Dataset content:
════

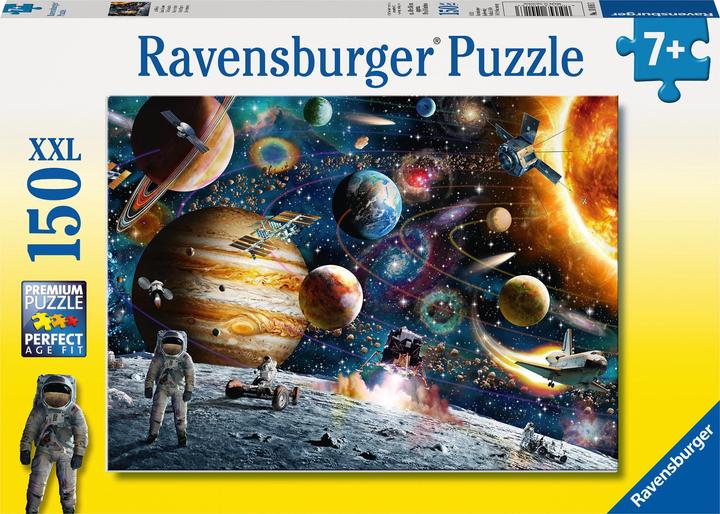 Image du produit Ravensburger Dans l'espace (150 pièces)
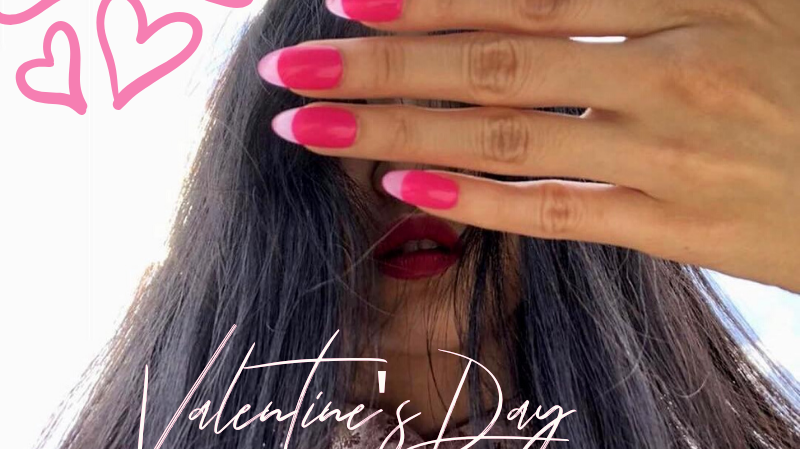 Valentine's Day Nail Inspo | Priceless
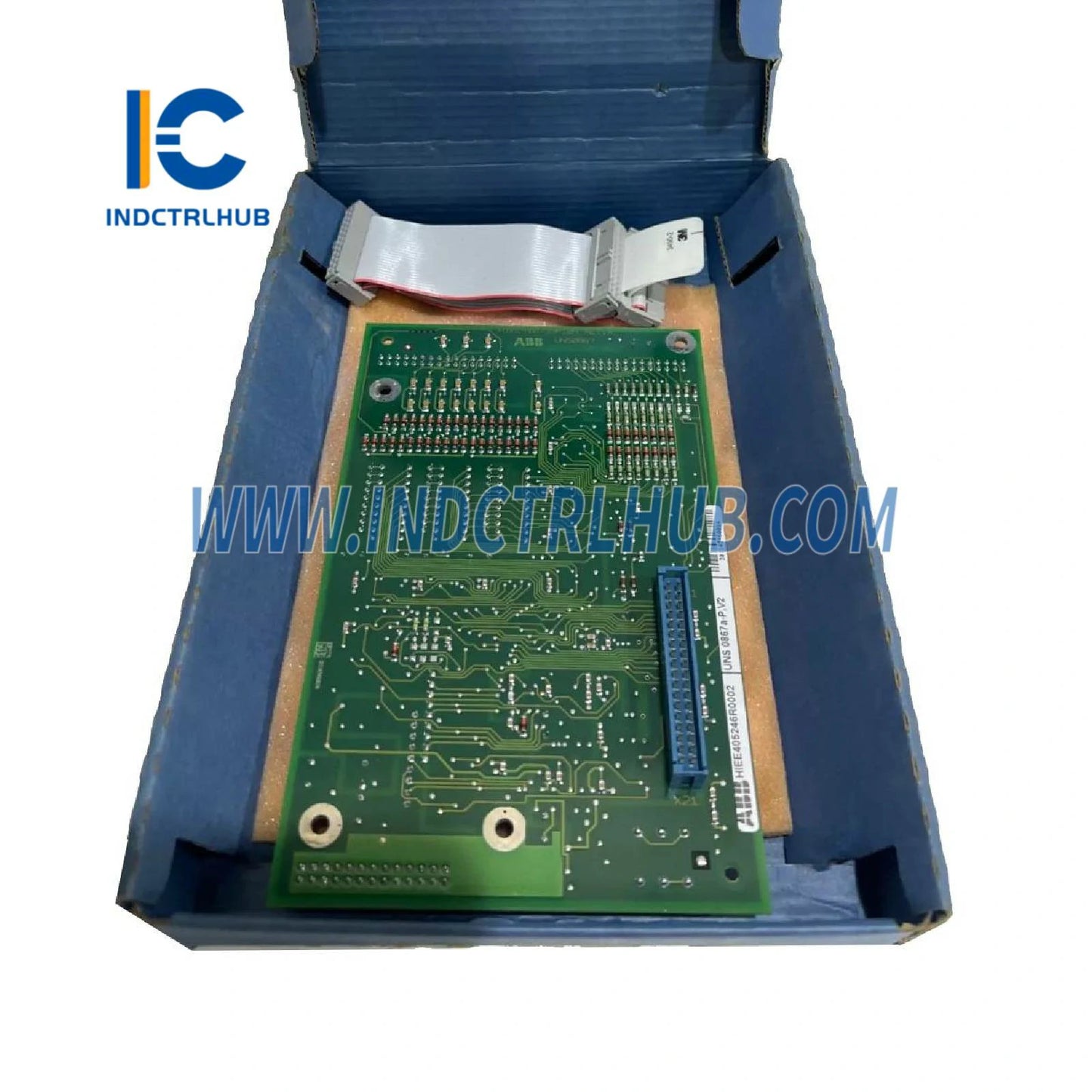 HIEE405246R0002 | ABB UNS0867A-P V2 Расширительная карта I/O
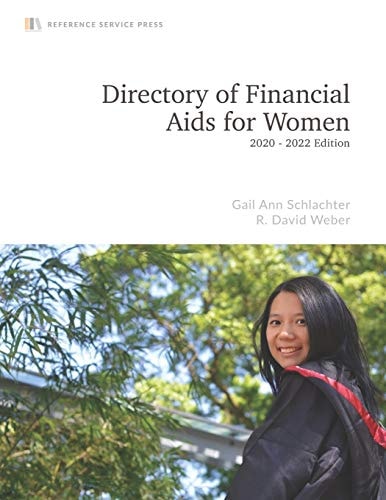 Directory of Financial Aids for Women 2020-22 Edition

════

Please write out all of the material above without changing a word, and omit any pictures.

Finished exercise:
 Image du produit Ravensburger Dans l'espace (150 pièces)
 Valentine's Day Nail Inspo | Priceless
 HIEE405246R0002 | ABB UNS0867A-P V2 Расширительная карта I/O
 Directory of Financial Aids for Women 2020-22 Edition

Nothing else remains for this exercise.